Bu süreçten biz de payımızı alıyoruz. TL karşısında dolar kurunun yükselmesinin önemli bir nedeni bu. Ama bizde kurdaki yükselişin dozu öteki ülkelere göre daha yüksek. Bu da kur artışının arkasında dışarıdan gelen etkinin yanı sıra içeriden kaynaklanan nedenlerin de olabileceğini gösteriyor. İçeride ürettiğimiz bu tür nedenler olduğunu biliyoruz. Siyasetin para politikasına müdahalesinin açık ve sürekli hale gelmiş olması bunların en önemlisi. Bu Türk Lirasının geleceğini belirsiz hale getiriyor, risk algısını yükseltiyor ve Liradan kaçışı özendiriyor. Kur bu nedenle yükseliyor.

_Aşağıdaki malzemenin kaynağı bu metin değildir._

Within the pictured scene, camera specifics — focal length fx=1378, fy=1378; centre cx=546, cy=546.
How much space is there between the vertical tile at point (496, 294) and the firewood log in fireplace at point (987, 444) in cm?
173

Bu durumda bundan sonra ne olur sorusu önem kazanıyor. Doların kurunun bizden bağımsız yükselişi daha bir süre devam edecek gibi görünüyor. Ulusal paraların değer kaybı (kurların yükselmesi) sürecek demektir bu. Bizde de bu olur. Dış etken nedeniyle Liradan kaçış ve doların TL karşısında değerlenmesi (kurun yükselmesi) eğilimi sürer.
İçeride ise ne olacağı belli. Ulusal paralar üzerinde dış etkenlerin baskısının güçlendiği bu günün ortamında içeride ısrarla yürütülen faiz konusundaki çekişme sürerse içerideki döviz büyüklükleri dışarıya kaçar.

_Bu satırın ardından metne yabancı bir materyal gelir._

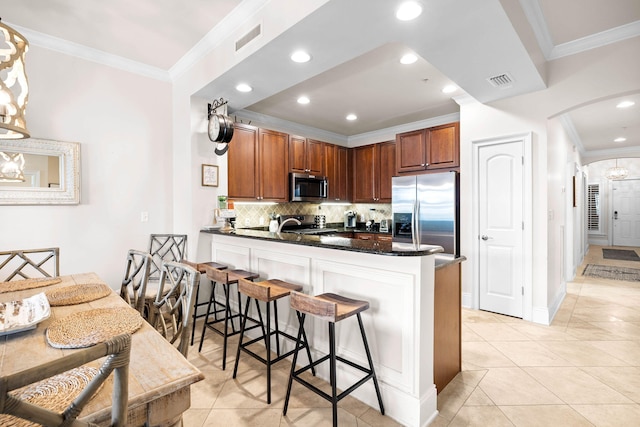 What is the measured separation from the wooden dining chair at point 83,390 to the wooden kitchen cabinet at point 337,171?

Çıkış için döviz (dolar) talebi, döviz temin etmek için de TL talebi artar. Kur yükselmesi yüksek dozda devam eder. Piyasa faizleri de yukarı yönlü baskılanır. Bir de bu süreci kabusa çevirebilecek bir gelişme olasılığı var. Türk lirasındaki değer kaybı hız kazanıp, büyürse içeride yerleşikler, yani Türkler, de bu kervana katılmaya başlar. Bu durumda döviz kuru ve faiz tepe yapar. Bu süreç çoğu kez krizle sonlanır. Ne olabilir sorusuna verilecek en vahim cevap budur.

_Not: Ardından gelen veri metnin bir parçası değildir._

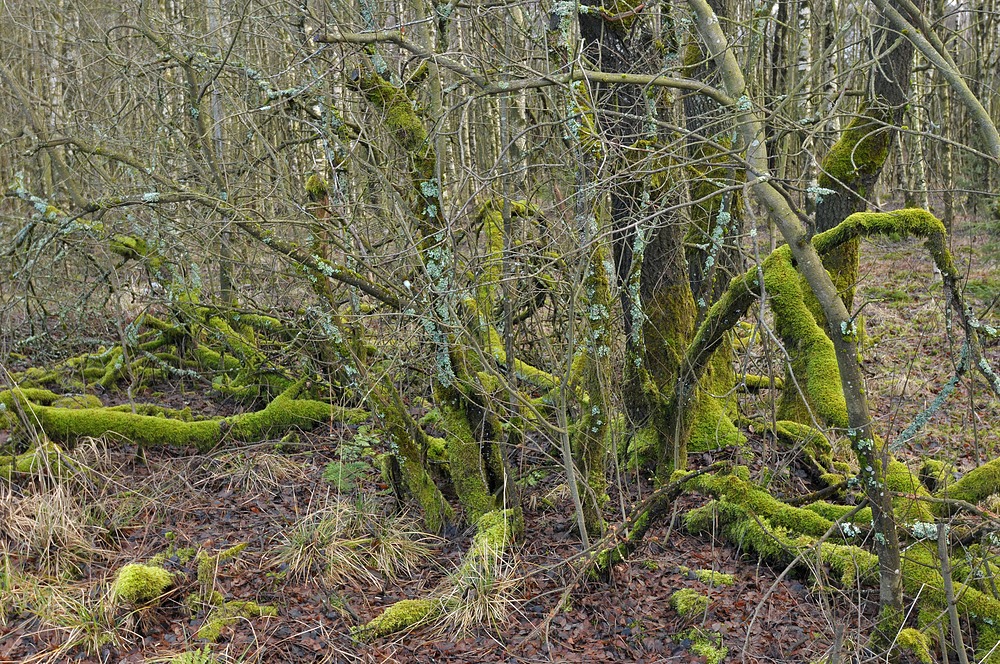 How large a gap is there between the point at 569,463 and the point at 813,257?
1763 mm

Peki ne yapılabilir? Dışarıdan gelen etkilere karşı yapılabilecekler sınırlı. Genelde bu tür dışarıdan gelen etkiler karşısında ulusal para otoritesinin hareketsiz kalmasının doğru olacağı düşünülür. Ancak yabancı kaçışı hızlanır ve kuru fazlasıyla zorlamaya başlarsa bazı önlemler alınabilir. Ama bunların hepsinin kısa vadeli sınırları vardır.
Kaçışta ilk adım dolar almak için gerekli Türk Lirasını temin etmektir. Bu adımı caydırmak için TL likiditesi kısılabilir. Bu durumda yükselen TL talebi faizi yükseltir. TL temininin görece daha pahalı hale gelmesinin ulusal paradan kaçışı yavaşlatacağı düşünülür. Burada süreci sınırlayan gelişme faizlerin yükselmesidir.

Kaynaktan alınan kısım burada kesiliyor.